American church history is not my forte, and I could only speak in generalities. From what I understand the Presbyterianism which emerged through the Ulster-Scots' influence was the same as the Scots Presbyterian system so far as ecclesiastical authority is concerned, but someone better versed in the details will be in a better position to comment. In terms of the Dutch reformed polity it is often said that its church courts are broader whereas Scottish Presbyterianism has higher church courts. It may be that congregationalism has had an influence on the polity, which seems possible given the history, but I couldn't point to any specific sources on that.

There is a piece in Thomas M'Crie (the elder), Miscellaneous Writings, which is against female voting in the context of it being raised in the Secession church. He was likely consulted because of his knowledge of Scottish church history, but he goes outside this field to provide arguments for his position.

The matter was discussed in the Free Church of Scotland General Assembly just after the Disruption, which was owing to the strong position of the Free Church on the right of the people to choose their own office-bearers. It is intriguing to see the two constitutionalists, James Begg and James Gibson, fall on different sides of this debate. The discussion can be found in the Proceedings of the General Assembly 1843 (I think the discussion took place in the second GA later in the year), and this should be available at googlebooks. There are also a few pamphlets connected with the rise of the discussion, and some of these should also be available at googlebooks.


----------



## JonC (Jul 23, 2016)

Others may correct me if I am wrong, but my understanding is that the idea came from the local church as an expression of the Body of Christ, the Spirit abiding with a corporate people, and God working through and within that entity. In Scripture this can be viewed as Paul appeals to a local church (the Christians in Rome, the Church of Corinth, etc.) rather than simply instructing the overseer of that church in matters of faith. Sometimes I think that we forget that the "sheep" are also the saints comprising and functioning as the Body of Christ. 

In practice, it appears to me that one legitimate reason for having corporate accountability is to keep the leadership accountable thereby avoiding a drift from proper doctrine/theology and diminish the influence of the human component when it comes to spiritual matters. Given what I believe to be a lack of biblical literacy, spiritual discernment, and the influence of culture on our assemblies I do not know that congregational voting is necessarily the best method. 

I could accept either method. I understand all members voting, but I also see a benefit for placing responsibility on the men.

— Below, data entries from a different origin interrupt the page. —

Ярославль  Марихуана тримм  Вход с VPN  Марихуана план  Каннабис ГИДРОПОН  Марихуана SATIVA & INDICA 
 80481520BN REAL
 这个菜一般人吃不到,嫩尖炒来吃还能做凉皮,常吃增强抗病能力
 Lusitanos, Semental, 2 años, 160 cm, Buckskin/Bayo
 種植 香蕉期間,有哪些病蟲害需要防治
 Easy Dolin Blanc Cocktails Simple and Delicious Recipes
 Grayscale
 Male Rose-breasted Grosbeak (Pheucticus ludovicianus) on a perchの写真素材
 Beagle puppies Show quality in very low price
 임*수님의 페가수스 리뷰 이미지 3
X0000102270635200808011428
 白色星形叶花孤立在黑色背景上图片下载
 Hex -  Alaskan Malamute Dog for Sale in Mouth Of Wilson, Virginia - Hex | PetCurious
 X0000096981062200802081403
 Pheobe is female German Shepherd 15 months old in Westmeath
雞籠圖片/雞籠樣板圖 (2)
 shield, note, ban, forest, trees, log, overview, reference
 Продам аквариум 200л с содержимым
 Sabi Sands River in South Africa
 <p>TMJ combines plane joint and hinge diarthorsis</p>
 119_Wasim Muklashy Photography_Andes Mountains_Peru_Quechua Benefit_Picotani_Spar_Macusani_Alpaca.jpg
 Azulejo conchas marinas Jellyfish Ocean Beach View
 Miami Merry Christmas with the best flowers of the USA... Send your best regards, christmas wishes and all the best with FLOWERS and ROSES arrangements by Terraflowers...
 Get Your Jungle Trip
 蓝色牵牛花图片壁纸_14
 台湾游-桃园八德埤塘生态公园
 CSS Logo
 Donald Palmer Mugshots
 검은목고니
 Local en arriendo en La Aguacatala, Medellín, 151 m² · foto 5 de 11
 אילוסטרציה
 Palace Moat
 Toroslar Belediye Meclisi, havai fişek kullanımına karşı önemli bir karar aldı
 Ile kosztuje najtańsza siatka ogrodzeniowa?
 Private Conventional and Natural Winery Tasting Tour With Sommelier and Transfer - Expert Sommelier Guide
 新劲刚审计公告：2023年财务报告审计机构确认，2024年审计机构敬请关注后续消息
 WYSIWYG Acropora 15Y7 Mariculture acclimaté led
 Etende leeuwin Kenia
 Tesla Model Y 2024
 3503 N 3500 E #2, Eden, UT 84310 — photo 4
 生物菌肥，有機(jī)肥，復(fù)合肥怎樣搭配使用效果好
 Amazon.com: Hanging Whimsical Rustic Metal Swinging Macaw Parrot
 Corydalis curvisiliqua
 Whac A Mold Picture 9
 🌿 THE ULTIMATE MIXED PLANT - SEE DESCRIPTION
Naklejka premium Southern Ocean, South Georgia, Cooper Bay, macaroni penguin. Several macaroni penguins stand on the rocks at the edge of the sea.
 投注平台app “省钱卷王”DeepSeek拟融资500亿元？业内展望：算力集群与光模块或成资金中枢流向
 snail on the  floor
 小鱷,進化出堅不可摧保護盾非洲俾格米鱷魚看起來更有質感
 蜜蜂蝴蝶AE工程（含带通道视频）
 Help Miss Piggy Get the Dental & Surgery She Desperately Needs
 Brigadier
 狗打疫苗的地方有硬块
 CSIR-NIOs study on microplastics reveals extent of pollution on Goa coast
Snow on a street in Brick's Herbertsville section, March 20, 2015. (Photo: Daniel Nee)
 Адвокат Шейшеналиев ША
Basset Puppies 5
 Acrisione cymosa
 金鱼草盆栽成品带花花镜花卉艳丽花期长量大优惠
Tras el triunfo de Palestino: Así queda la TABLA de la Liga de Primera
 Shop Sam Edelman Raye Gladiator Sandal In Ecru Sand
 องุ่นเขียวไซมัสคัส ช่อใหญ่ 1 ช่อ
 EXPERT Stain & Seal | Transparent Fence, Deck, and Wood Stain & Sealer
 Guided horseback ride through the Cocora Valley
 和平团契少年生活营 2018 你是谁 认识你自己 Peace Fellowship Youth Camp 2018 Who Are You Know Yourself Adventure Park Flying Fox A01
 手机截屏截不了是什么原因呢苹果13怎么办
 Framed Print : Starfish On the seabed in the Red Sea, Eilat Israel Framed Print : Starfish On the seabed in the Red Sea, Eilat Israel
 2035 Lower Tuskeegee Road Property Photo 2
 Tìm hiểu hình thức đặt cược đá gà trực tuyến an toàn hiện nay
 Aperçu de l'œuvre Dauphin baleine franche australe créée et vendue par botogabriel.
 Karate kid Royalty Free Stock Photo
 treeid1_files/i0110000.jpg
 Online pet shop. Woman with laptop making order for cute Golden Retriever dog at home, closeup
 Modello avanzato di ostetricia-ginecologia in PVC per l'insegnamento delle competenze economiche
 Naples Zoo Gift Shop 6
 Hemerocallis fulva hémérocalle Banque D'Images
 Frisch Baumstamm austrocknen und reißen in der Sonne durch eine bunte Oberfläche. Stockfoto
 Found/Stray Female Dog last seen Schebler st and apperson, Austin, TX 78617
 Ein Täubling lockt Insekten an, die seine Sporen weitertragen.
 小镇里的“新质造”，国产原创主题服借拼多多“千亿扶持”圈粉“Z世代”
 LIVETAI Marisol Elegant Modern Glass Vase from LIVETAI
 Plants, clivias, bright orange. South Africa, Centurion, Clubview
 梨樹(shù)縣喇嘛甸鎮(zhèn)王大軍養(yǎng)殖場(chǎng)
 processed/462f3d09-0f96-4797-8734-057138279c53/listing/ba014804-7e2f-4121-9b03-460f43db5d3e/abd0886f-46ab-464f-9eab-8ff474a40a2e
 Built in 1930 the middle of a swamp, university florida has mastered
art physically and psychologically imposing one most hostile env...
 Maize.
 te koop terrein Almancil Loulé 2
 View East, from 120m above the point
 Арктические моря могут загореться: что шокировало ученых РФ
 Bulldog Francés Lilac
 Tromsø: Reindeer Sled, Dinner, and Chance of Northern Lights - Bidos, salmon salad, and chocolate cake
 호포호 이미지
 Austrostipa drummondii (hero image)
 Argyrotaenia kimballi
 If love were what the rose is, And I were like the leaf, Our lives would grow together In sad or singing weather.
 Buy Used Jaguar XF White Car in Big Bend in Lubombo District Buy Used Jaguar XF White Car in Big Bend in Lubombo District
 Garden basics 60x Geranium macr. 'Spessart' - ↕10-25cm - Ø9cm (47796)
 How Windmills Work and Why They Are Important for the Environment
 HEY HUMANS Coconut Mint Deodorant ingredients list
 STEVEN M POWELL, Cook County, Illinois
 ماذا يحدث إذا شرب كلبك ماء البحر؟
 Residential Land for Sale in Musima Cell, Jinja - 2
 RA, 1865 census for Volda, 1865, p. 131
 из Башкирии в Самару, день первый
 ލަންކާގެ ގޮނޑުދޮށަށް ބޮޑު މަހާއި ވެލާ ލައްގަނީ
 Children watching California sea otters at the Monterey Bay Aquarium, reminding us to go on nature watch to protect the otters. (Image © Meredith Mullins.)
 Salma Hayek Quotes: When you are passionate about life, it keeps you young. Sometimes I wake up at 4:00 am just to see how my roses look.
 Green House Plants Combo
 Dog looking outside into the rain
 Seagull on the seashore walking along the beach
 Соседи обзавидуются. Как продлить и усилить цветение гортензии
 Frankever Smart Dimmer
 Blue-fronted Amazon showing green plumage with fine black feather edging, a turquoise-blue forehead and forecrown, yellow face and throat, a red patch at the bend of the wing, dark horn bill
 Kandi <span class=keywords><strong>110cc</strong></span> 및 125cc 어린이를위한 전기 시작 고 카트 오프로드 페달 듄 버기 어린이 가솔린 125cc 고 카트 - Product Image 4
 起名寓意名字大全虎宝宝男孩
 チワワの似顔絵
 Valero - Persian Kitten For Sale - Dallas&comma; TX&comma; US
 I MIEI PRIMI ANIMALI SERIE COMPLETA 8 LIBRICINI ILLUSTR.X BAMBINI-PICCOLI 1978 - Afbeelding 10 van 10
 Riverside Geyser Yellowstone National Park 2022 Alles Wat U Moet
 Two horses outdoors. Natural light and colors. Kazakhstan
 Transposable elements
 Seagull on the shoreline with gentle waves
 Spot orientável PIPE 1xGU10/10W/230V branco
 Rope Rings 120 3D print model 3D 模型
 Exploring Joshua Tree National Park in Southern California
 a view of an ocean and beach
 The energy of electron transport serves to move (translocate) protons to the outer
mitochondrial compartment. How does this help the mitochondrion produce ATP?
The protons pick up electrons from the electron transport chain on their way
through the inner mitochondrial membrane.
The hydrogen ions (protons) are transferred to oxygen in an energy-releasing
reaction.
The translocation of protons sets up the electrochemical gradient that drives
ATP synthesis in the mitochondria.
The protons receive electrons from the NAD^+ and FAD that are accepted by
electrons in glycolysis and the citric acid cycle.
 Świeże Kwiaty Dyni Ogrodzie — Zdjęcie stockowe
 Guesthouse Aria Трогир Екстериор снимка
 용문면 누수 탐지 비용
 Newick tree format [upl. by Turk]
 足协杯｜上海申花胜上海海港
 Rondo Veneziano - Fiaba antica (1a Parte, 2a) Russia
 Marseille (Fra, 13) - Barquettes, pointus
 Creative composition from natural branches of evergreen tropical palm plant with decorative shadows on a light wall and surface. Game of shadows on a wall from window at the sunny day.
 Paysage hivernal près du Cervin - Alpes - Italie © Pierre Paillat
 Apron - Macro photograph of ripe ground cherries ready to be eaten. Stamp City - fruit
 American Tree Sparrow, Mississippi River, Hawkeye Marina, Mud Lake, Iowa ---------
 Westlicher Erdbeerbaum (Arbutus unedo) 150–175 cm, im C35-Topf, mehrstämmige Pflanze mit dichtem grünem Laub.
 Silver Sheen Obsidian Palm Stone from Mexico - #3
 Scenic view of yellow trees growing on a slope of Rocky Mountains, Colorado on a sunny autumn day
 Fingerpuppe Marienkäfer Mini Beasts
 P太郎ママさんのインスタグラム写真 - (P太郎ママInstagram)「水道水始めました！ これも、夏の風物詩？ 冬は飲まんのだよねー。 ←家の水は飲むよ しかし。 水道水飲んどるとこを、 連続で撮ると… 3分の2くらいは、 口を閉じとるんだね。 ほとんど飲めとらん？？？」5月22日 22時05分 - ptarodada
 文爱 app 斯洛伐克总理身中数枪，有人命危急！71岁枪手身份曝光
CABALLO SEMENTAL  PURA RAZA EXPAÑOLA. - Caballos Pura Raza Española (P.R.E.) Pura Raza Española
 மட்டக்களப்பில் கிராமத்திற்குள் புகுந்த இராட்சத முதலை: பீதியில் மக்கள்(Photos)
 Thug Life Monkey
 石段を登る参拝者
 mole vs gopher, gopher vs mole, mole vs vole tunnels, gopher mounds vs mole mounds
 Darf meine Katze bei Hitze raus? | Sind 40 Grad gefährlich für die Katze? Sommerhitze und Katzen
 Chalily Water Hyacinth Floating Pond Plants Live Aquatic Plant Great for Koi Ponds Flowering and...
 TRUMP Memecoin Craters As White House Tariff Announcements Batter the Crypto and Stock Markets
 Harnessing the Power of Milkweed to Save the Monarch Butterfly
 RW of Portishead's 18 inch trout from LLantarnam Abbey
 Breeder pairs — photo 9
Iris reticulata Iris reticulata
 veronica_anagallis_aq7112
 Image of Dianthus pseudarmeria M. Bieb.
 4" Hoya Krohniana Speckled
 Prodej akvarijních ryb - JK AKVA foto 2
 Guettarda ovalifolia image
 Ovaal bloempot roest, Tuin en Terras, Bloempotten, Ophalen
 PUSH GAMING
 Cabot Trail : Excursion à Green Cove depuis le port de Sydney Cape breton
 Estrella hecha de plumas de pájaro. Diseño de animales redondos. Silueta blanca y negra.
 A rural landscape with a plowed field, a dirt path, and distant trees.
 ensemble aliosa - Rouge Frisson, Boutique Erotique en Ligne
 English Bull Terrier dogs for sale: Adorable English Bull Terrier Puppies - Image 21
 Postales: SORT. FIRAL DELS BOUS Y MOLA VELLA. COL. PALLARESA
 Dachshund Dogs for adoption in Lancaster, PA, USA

I favor elder rule, but that is not the practice of my church.


----------



## TylerRay (Jul 23, 2016)

Travis Fentiman has some resources on the subject available here, including Rutherford and M'Crie.


----------



## timfost (Jul 24, 2016)

Was Rutherford an anomaly on this issue or was the notion of women voting a widespread practice historically in Presbyterian circles?


----------



## MW (Jul 25, 2016)

timfost said:


> Was Rutherford an anomaly on this issue or was the notion of women voting a widespread practice historically in Presbyterian circles?



Rutherford only spoke to the "vote" because that was the formal action supported by the advocates of the congregational way. The main thing he was aiming at was that women should be included in seeking the "consent" of the congregation, and he seems to allow that the vote might be "tacit." The consent of the congregation was considered a normal part of Presbyterian polity. E.g., the Second Book of Discipline, Henderson's Government and Order of the Church of Scotland, Gillespie's Assertion of the Government.


----------